The Universe may be expanding up to 9% faster than previously thought.
This new assessment comes from the Hubble Space Telescope, which has significantly refined the rate at which nearby galaxies are observed to be moving away from each other.
It reinforces the tension between what we see happening locally and what we would expect from the conditions that existed in the early cosmos.
These have implied a much more sedate trajectory for the recession.
"To be honest, with this latest measurement we've really gone beyond what we might call 'tension'; we're missing something in our understanding of the cosmos," the Nobel Laureate told BBC News.
The issue at hand is the so-called Hubble Constant - the value used by astronomers to describe the current expansion.
It is a critical number because it helps us gauge the size and age of the Universe.

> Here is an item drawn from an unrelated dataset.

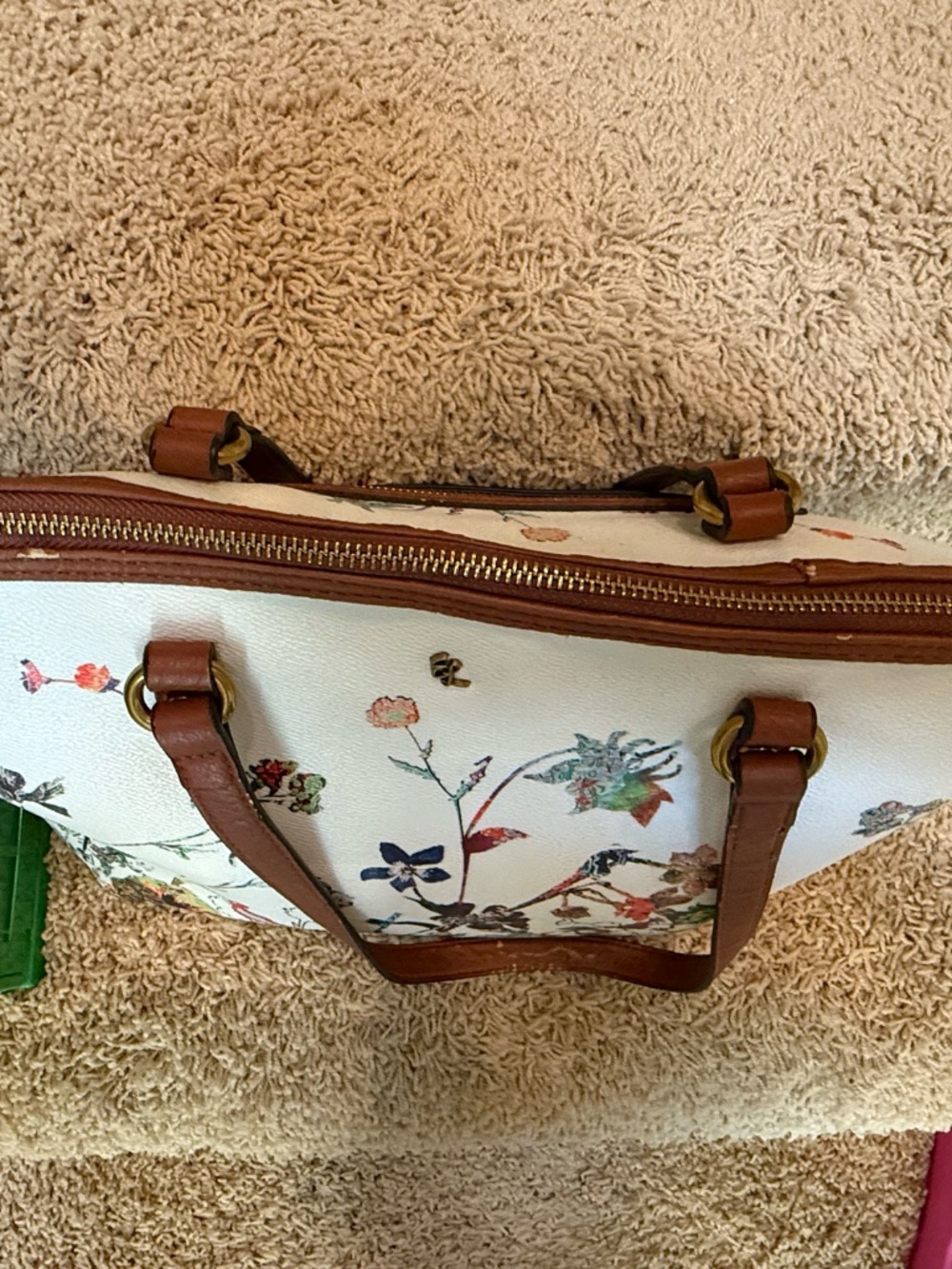 Elliott Lucca Floral Aria Bouquet Large Tote - Picture 3 of 6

One way to pin down this value is to measure the distance and velocities of a large number of stars in a good sample of galaxies.
These are the cepheid variables - pulsating stars that puff up and deflate in a very regular fashion; and a group of exploding objects referred to as a Type 1a supernovae.
Both shine with a known power output, and so by comparing this quantity with their apparent brightness on the sky, it is possible to figure out their separation from Earth and thus, also, the distance to the galaxies that host them.
Some 2,400 cepheids in 19 nearby galaxies were used in the survey, and these helped calibrate roughly 300 Type 1a supernovae, whose particular properties enabled the team to probe a slightly deeper volume of space.
The work gives a number for the Hubble Constant of 73.24 kilometres per second per megaparsec (a megaparsec is 3.26 million light-years). Or put another way - the expansion increases by 73.24km/second for every 3.26 million light-years we look further out into space.
It means basically that the distance between cosmic objects will double in another 9.8 billion years.
This is the third iteration of the project led by Dr Riess and has an uncertainty of just 2.4%.
But there is another way to determine the constant, and that is to look at the expansion shortly after the Big Bang and to use what we know about the contents and the physics at work in the Universe to predict a modern value of the expansion.
This has been done using data acquired by the Planck space telescope, which earlier this decade made the most detailed ever observations of the oldest light in the Universe.
Its Hubble Constant value was 66.53km/s per megaparsec.
The disagreement with Dr Riess's number is more than just a minor inconvenience. When using the Hubble Constant to calculate the time from the Big Bang, the offset equates to a difference of a few hundred million years in the near-14-billion-year age of the Universe.
The STScI scientist says the resolution is likely to be found in a better understanding of the "dark" components of the cosmos.
These include the unseen matter in galaxies (dark matter), and the vacuum energy (dark energy) postulated to be driving an acceleration in the expansion.
The gap could also be plugged by the existence of another, but hitherto undetected, particle.
The often-hypothesised fourth type, or flavour, of neutrino would fit the bill.
"This would change the balance of energy in the Universe and it would speed it up," Dr Riess said.
Answers will surely come from the new space telescopes and particle detectors due to enter service in the next few years, he added.